What Are Basic Accounting Statements

Financial accounting is categorized into four basic elements: assets, liabilities and owners’ equity, revenues, and expenses (each of which is explained below). Assets and expenses are represented by net debits, whereas liabilities, equity, and revenues are represented by net credits. The total amount of these debits and credits are commensurate at all times.
Table of Contents
Balance Sheet
The balance sheet shows a company’s balances at a specific point in time, specifically including the company’s assets, liabilities, and owners’ equity.
- Assets: An asset represents a measurable amount for which the company expects to obtain a benefit or use in the future. Examples include equipment, inventory, prepaid expenses, and other amounts used to increase future revenues or reduce future expenditures. (For more information, see Assets.)
- Liabilities: A liability is an amount for which the company expects to have to satisfy a future obligation. Examples include accounts payable, long-term debt, accrued pension benefit obligations, and other amounts owed to external parties. (For more information, see Liabilities.)
- Owners’ equity: Owners’ equity represents the accumulated earnings of the company plus capital contributions from owners, less dividends and any other payouts to owners. Owners’ equity is a residual amount, represented by the excess of total assets less liabilities. (For more information, see Owners’ equity.)
Income Statement
Whereas the balance statement is static (it measures certain balances at a specific point in time), the income statement is transitory: it shows the company’s operating performance for a specific year in terms of its net income or loss, as broken down by its revenues and expenses. (For more information, see Income and Expenses.)
- Revenues: Revenues represent income amounts, such as sales, commission income, service income, and other income amounts that relate to the company’s primary line of business.
- Cost of sales: Cost of sales decreases net income and represents the direct expenditures and allocated overhead costs incurred in preparing for sale the company’s primary product (the same product that comprises the company’s revenues).

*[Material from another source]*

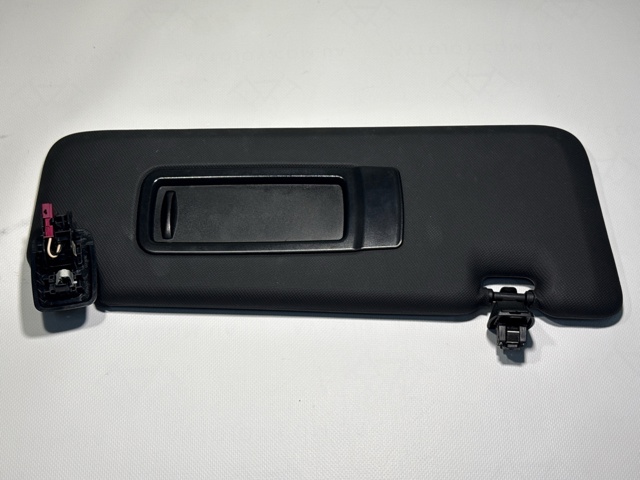 Козирок 51165A2A152 BMW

- Expenses: Expenses decrease income and represent expenditures and allocated period costs of capital items, other than expenses already included in cost of sales. Examples of expense items include rent expense, depreciation, interest expense, and salary expense.
- Other income and expense items: These items represent amounts that increase or decrease the company’s net income but that are not directly related to the company’s primary line of business. Examples include interest income on excess cash, losses on asset sales, and other nonrecurring or unusual items.
Cash Flow Statement
The cash flow statement shows a detailed breakdown of the sources and uses of a company’s cash and cash equivalents over the accounting period. The cash flow statement reconciles to the company’s beginning and ending cash balances, as shown on the balance sheet.
Sections
The cash flow statement is separated into three sections, detailing net cash provided by (used by) operating activities, investing activities, and financing activities.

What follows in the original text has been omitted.